De Raad van State bevestigde de uitspraak van de rechtbank en oordeelde dat de weigering van de bouwvergunning rechtmatig was. De beslissing van het dagelijks bestuur was in overeenstemming met het bestemmingsplan en het gevoerde beleid, dat gericht is op het verbeteren van de woningvoorraad in de Baarsjes.

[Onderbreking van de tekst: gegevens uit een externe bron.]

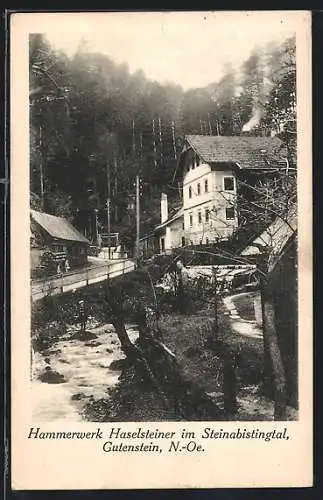 AK Gutenstein, Hammerwerk Haselsteiner im Steinapiestingtal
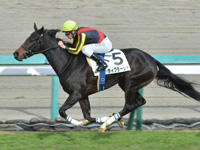 新馬　ゴール前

De Raad van State concludeerde dat het hoger beroep ongegrond was en dat er geen aanleiding was voor een proceskostenveroordeling.

Uitspraak

200909000/1/H1.
Datum uitspraak: 30 juni 2010
AFDELING
BESTUURSRECHTSPRAAK
Uitspraak op het hoger beroep van:
de besloten vennootschap met beperkte aansprakelijkheid Vastgoed Amsterdam B.V. (hierna: Vastgoed Amsterdam), gevestigd te Amsterdam,
appellante,
tegen de uitspraak van de rechtbank Amsterdam van 13 oktober 2009 in zaak nr. 08/4160 in het geding tussen:
Vastgoed Amsterdam
en
het dagelijks bestuur van het stadsdeel De Baarsjes (thans: West).
1. Procesverloop
Bij besluit van 28 april 2008 heeft het dagelijks bestuur aan Vastgoed Amsterdam geweigerd een bouwvergunning te verlenen voor het veranderen van de vierde verdieping van het pand op het perceel Willem Schoutenstraat 61 te Amsterdam (hierna: het pand) tot zelfstandige woonruimte en het maken van een dakterras.
Bij besluit van 2 september 2008 heeft het dagelijks bestuur het door Vastgoed Amsterdam daartegen gemaakte bezwaar ongegrond verklaard.
Bij uitspraak van 13 oktober 2009, verzonden op diezelfde dag, heeft de rechtbank het door Vastgoed Amsterdam daartegen ingestelde beroep ongegrond verklaard. Deze uitspraak is aangehecht.
Tegen deze uitspraak heeft Vastgoed Amsterdam bij brief, bij de Raad van State ingekomen op 23 november 2009, hoger beroep ingesteld. De gronden van het hoger beroep zijn aangevuld bij brief van 17 december 2009.
Het dagelijks bestuur heeft een verweerschrift ingediend.
De zaak is door een meervoudige kamer van de Afdeling verwezen naar een enkelvoudige.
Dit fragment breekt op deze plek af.